━━━ Record excerpts

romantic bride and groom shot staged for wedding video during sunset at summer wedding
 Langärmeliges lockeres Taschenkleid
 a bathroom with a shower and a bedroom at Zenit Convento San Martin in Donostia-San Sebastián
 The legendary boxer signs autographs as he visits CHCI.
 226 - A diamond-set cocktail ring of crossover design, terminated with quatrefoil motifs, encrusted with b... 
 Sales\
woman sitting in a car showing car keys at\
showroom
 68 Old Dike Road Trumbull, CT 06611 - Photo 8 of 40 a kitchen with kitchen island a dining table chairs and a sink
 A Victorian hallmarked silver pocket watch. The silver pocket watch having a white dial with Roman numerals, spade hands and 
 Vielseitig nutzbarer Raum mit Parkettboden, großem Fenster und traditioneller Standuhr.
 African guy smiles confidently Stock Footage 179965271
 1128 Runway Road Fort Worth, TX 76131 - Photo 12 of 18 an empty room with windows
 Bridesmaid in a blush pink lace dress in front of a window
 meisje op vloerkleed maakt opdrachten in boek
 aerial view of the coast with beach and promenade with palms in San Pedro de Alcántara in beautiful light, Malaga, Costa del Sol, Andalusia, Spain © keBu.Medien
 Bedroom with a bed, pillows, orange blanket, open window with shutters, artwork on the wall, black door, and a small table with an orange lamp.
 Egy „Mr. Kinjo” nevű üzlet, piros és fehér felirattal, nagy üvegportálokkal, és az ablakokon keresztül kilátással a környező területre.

━━━━━━

● **Exercise**: Return the data exactly, every line included.

● **Problem solution**:
romantic bride and groom shot staged for wedding video during sunset at summer wedding
 Langärmeliges lockeres Taschenkleid
 a bathroom with a shower and a bedroom at Zenit Convento San Martin in Donostia-San Sebastián
 The legendary boxer signs autographs as he visits CHCI.
 226 - A diamond-set cocktail ring of crossover design, terminated with quatrefoil motifs, encrusted with b... 
 Sales\
woman sitting in a car showing car keys at\
showroom
 68 Old Dike Road Trumbull, CT 06611 - Photo 8 of 40 a kitchen with kitchen island a dining table chairs and a sink
 A Victorian hallmarked silver pocket watch. The silver pocket watch having a white dial with Roman numerals, spade hands and 
 Vielseitig nutzbarer Raum mit Parkettboden, großem Fenster und traditioneller Standuhr.
 African guy smiles confidently Stock Footage 179965271
 1128 Runway Road Fort Worth, TX 76131 - Photo 12 of 18 an empty room with windows
 Bridesmaid in a blush pink lace dress in front of a window
 meisje op vloerkleed maakt opdrachten in boek
 aerial view of the coast with beach and promenade with palms in San Pedro de Alcántara in beautiful light, Malaga, Costa del Sol, Andalusia, Spain © keBu.Medien
 Bedroom with a bed, pillows, orange blanket, open window with shutters, artwork on the wall, black door, and a small table with an orange lamp.
 Egy „Mr. Kinjo” nevű üzlet, piros és fehér felirattal, nagy üvegportálokkal, és az ablakokon keresztül kilátással a környező területre.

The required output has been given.